Cependant le printemps semblait devoir finir ces tergiversations. Le duc de Guienne avait convoqué dans ses provinces le ban et l'arrière-ban, et nommé général le comte d'Armagnac, qui, comme ennemi capital du roi, se chargeait de l'exécution[220].
Le roi, sans alliés, sans espoir de secours, avait, dit-on, imaginé d'engager les Écossais à passer en Bretagne, sur ses vaisseaux et sur des vaisseaux danois qu'il leur aurait loués.
Il faisait à son frère les dernières offres qu'il pût faire, les plus hautes, de le faire lieutenant général du royaume en lui donnant sa fille, avec quatre provinces de plus, qui l'auraient mis jusqu'à la Loire. Il ne pouvait faire davantage, à moins d'abdiquer et de lui céder la place. Mais le jeune duc ne voulait pas être lieutenant[221].
Dès longtemps, le roi avait pris le pape pour juger entre son frère et lui. Dans son danger, il obtint du Saint-Siége d'être à jamais, lui et ses successeurs, chanoines de Notre-Dame de Cléry. Il ordonna des prières pour la paix et voulut que désormais, par toute la France, à midi sonnant, on se mît à genoux et l'on dit trois Ave (avril 1472).
Il comptait sur la sainte Vierge, mais aussi sur les troupes qu'il faisait avancer, encore plus sur les secrètes pratiques qu'il avait chez son frère. Maint officier de celui-ci refusait de lui faire serment.

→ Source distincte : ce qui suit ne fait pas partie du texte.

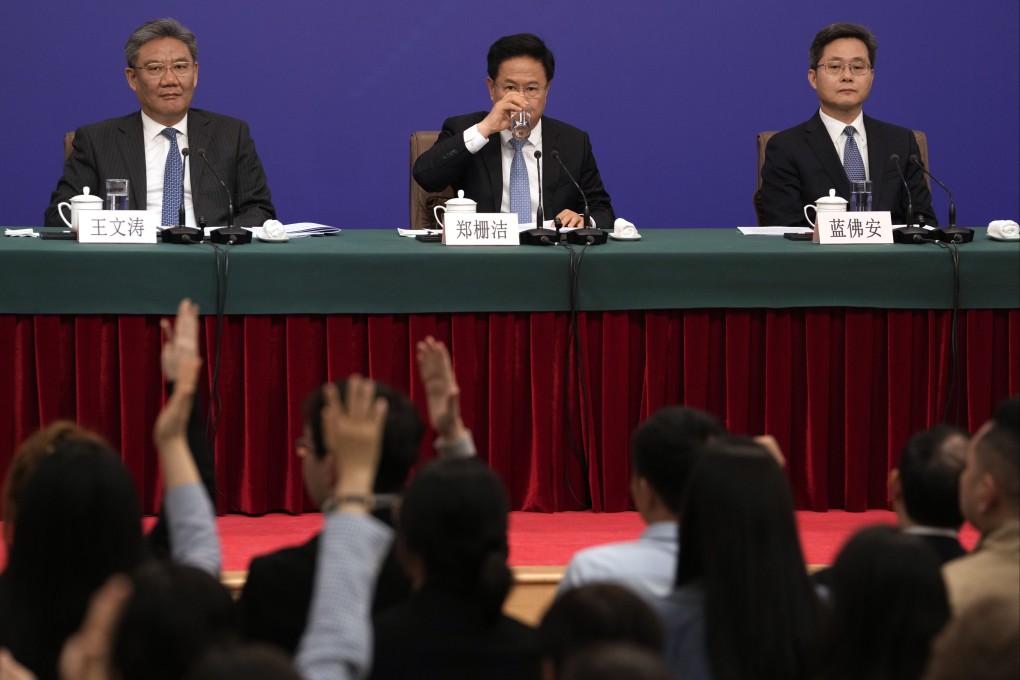 National Development and Reform Commission chief Zheng Shanjie (centre) said on Tuesday that China’s ambitious GDP growth goal for 2024 was “scientifically supported”. Photo: AP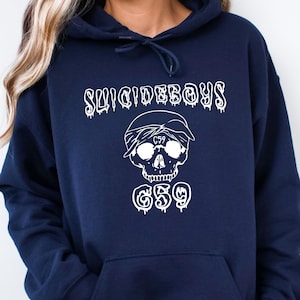 May include: Navy blue hooded sweatshirt featuring the text "SUICIDEBOYS" above a skull graphic wearing a bandana and sunglasses. Below the skull is the text "$59". The sweatshirt has a front pocket and a drawstring hood.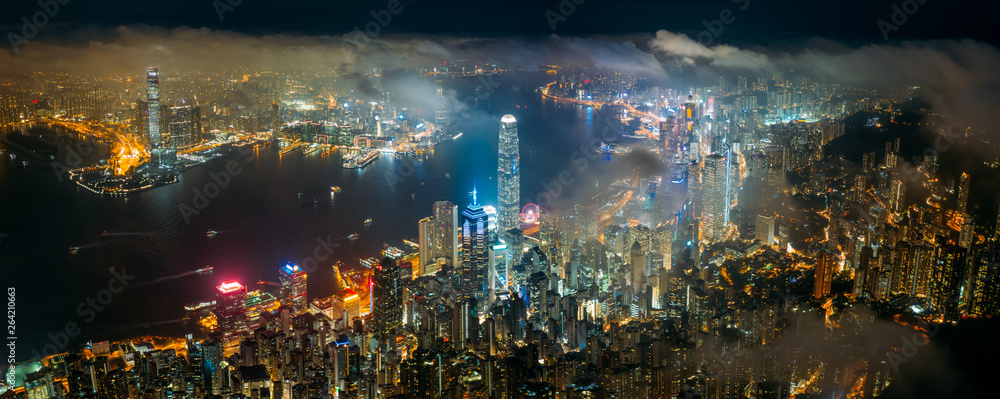 Panorama aerial view of Hong Kong City skyline at night over the clouds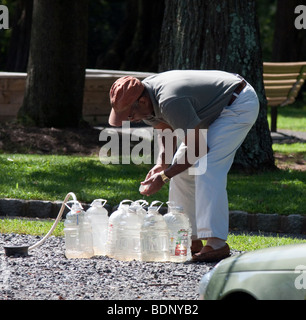 A man filling plastic jugs with fresh water with a hose. Stock Photo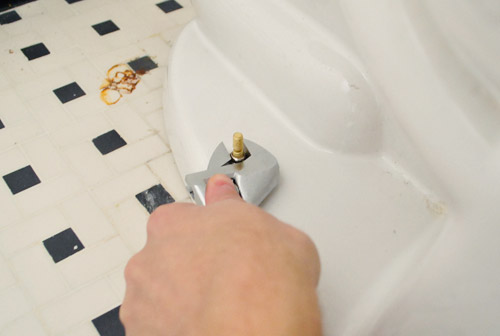 Tightening nut on toilet bowl bolts to fix rocking toilet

Ce n'était pas la peine de s'engager envers un mourant. Le duc de Guienne, toujours délicat et maladif, avait la fièvre quarte depuis huit mois et ne pouvait guère aller loin. Il avait fort souffert des divisions de sa petite cour; elle était déchirée par deux partis, une maîtresse poitevine et un favori gascon. Ce dernier, Lescun, était ennemi de l'intervention anglaise, ainsi que l'archevêque de Bordeaux, qui jadis en Bretagne avait fait mourir le prince Giles comme ami des Anglais. Un zélé serviteur de Lescun, l'abbé de Saint-Jean d'Angeli, le débarrassa (sans son consentement) de la maîtresse du duc en l'empoisonnant. On crut que, pour sa sûreté, il avait empoisonné en même temps le duc de Guienne (24 mai 1472). Lescun, fort compromis, fit grand bruit à la mort de son maître; accusa le roi d'avoir payé l'empoisonneur, le saisit et le mena en Bretagne pour qu'on en fît justice.
Louis XI n'était pas incapable de ce crime[222], du reste fort commun alors. Il semble que le fratricide, écrit à cette époque dans la loi ottomane et prescrit par Mahomet II[223], ait été d'un usage général au XVe siècle parmi les princes chrétiens[224].
Ce qui est sûr, c'est que le mourant n'eut aucun soupçon de son frère; le jour même de sa mort, il le nomma son héritier et lui demanda pardon des chagrins qu'il lui avait causés. D'autre part, Louis XI ne répondit rien aux accusations qui s'élevèrent; ce ne fut que dix-huit mois après qu'il déclara vouloir associer ses juges à ceux que le duc de Bretagne avait chargés de poursuivre l'affaire. Il n'y eut aucune procédure publique, le moine vécut en prison plusieurs années, et fut trouvé mort dans sa tour après un orage. On supposa que le diable l'avait étranglé.